- _Exercise objective_
From the material below, set down exactly the lines that run from the one containing "L'amant Homestay *" to the one containing "Image of Dr. John O. Nnadi, MD", minus the pictures.

- _Material for this task_
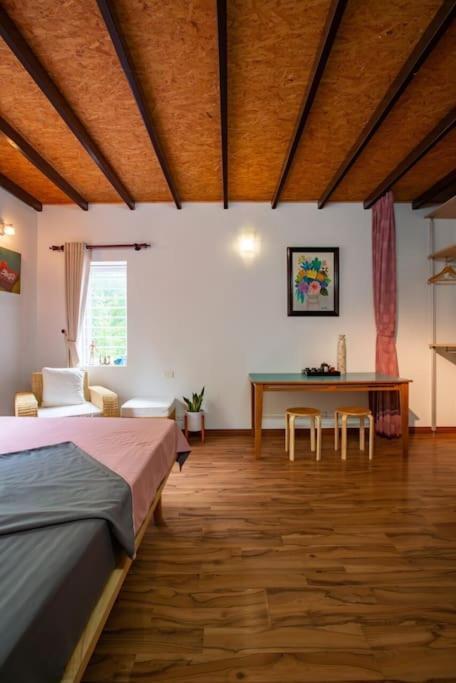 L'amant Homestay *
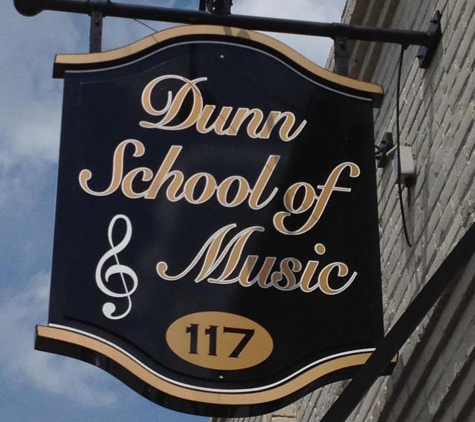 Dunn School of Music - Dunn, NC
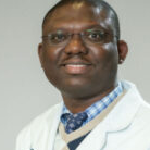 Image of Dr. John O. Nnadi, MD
--
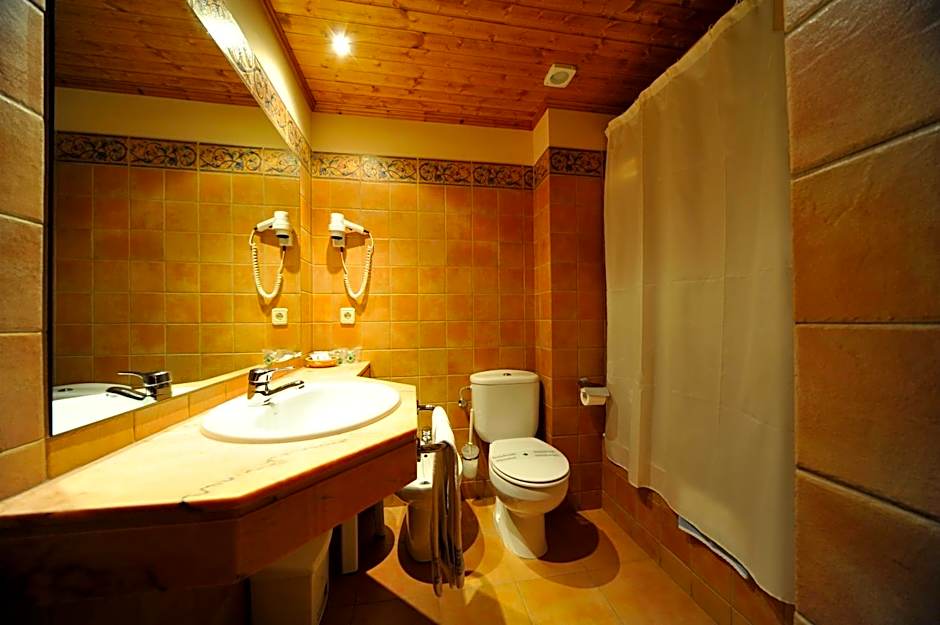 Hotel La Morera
---
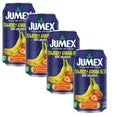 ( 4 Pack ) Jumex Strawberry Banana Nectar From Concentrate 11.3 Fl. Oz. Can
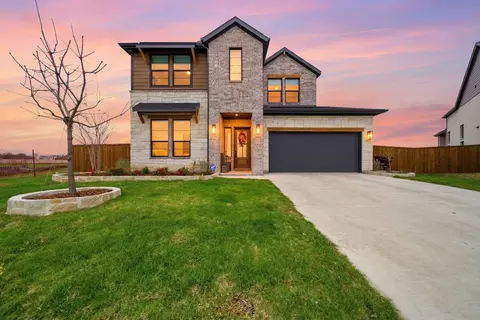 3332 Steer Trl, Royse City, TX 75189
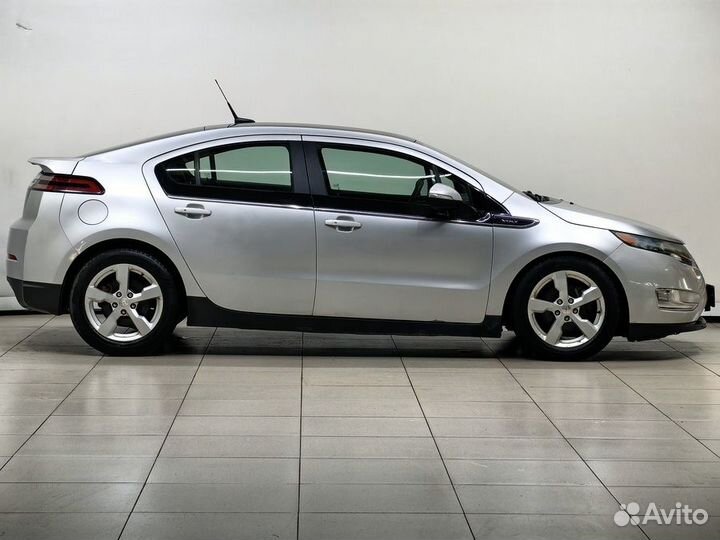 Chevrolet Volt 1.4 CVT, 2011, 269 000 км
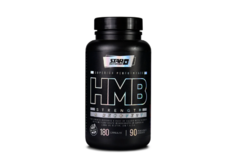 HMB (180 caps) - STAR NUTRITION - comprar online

- _Completed task_
 L'amant Homestay *
 Dunn School of Music - Dunn, NC
 Image of Dr. John O. Nnadi, MD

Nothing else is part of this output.